Bei Ingenieuren werden bei dieser Überschrift sicher Erinnerungen an das Studium wach – ob positiv oder negativ, sei einmal dahingestellt. Ein in entsprechenden Vorlesungen gerne gezeigtes Fall- und Warnbeispiel ist der spektakuläre Einsturz der Tacoma-Narrows-Brücke im Jahre 1940 nur vier Monate nach deren Fertigstellung. Tatsächlich wurden bei der Auslegung der Brücke nur statische Belastungen berücksichtigt; eine durch Starkwind verursachte Schwingung schaukelte sich so lange auf, bis die Befestigungsseile rissen und die Brücke in den Fluss stürzte.
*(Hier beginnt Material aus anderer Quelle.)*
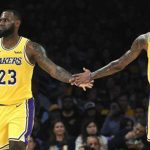 Ingram lideró primer triunfo de Lakers con LeBron James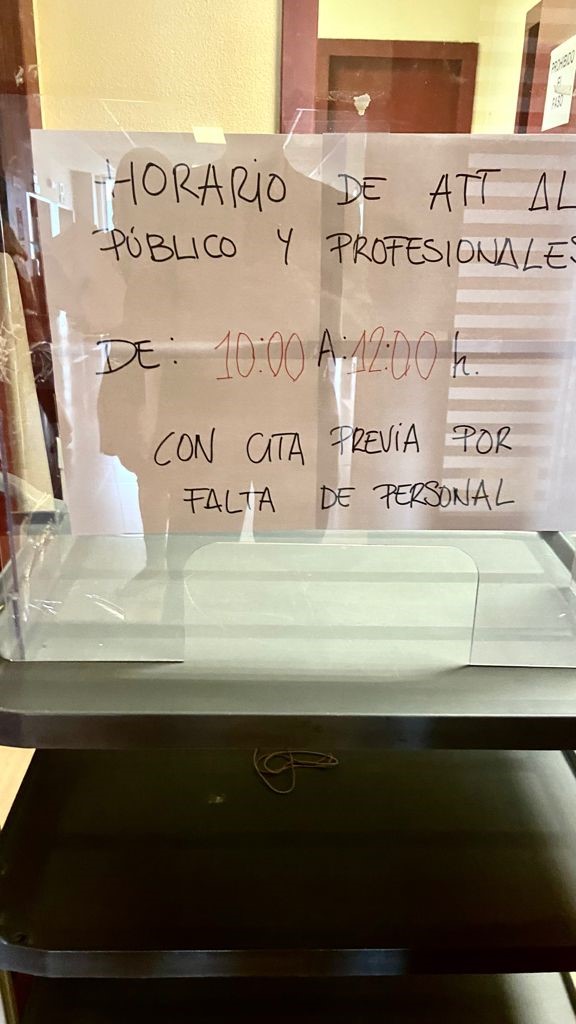 Opomermaid (@opomermaid) on Twitter photo Así están en los juzgados <a href="/justiciagob/">Ministerio de la Presidencia, Justicia y R. Cortes</a> y tanta gente aprobada mirando el techo de su casa. Desde @TurnoLibreDef denunciamos esta precariedad y la incompetencia de los que deberían estar buscando soluciones..#DefensaTurnoLibre #FaltaDeMedios Así están en los juzgados <a href="/justiciagob/">Ministerio de la Presidencia, Justicia y R. Cortes</a> y tanta gente aprobada mirando el techo de su casa. Desde @TurnoLibreDef denunciamos esta precariedad y la incompetencia de los que deberían estar buscando soluciones..#DefensaTurnoLibre #FaltaDeMedios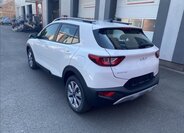 KIA Stonic CUV / Crossover 1,2 l 57 kw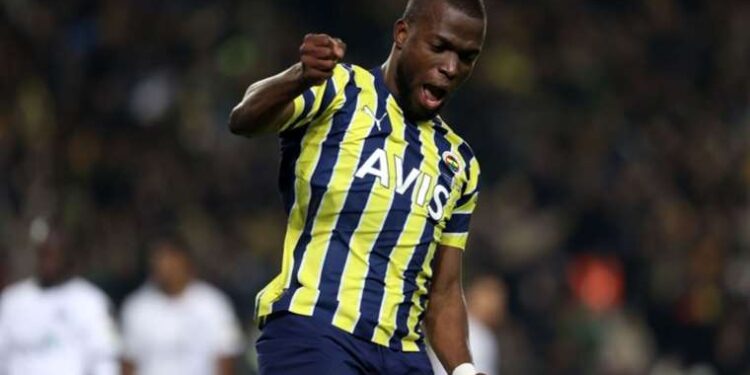 Enner Valencia'nın hocasından açıklama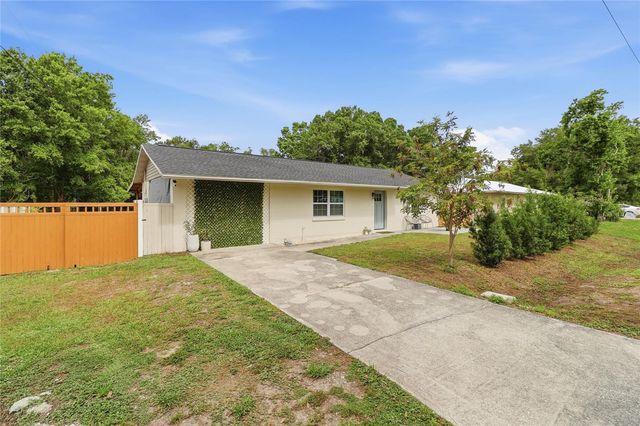 4821 MYRICK AVENUE, Bowling Green, FL 33834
Auch im Schach führt die Missachtung von dynamischen Möglichkeiten oft zu Katastrophen (auch wenn die Konsequenzen glücklicherweise nicht so gravierend sind!). So könnte man nach einer rein statischen Betrachtung der Diagrammstellung dem Weißen fast schon die Aufgabe nahelegen: Zwei Türme plus Bauer sind stärker als die Dame und von den fünf verbliebenen weißen Bauern sind alle isoliert und vier verdoppelt! Also was tun?

Lösung


Kommentare

Taktik aus dem wahren Leben (9) — 5 Kommentare

  1. Mal ganz einfach gefragt…. auf die Gefahr hin, dass ich einen einfachen Konter übersehe (Grundreihe? alles gut!), aber was passiert nach dem einfachen 1. c6?
    Es droht sowohl Dxf8#, aber auch der Sf6 hängt, wonach die schwarzen Felder um den König auch recht schwach werden.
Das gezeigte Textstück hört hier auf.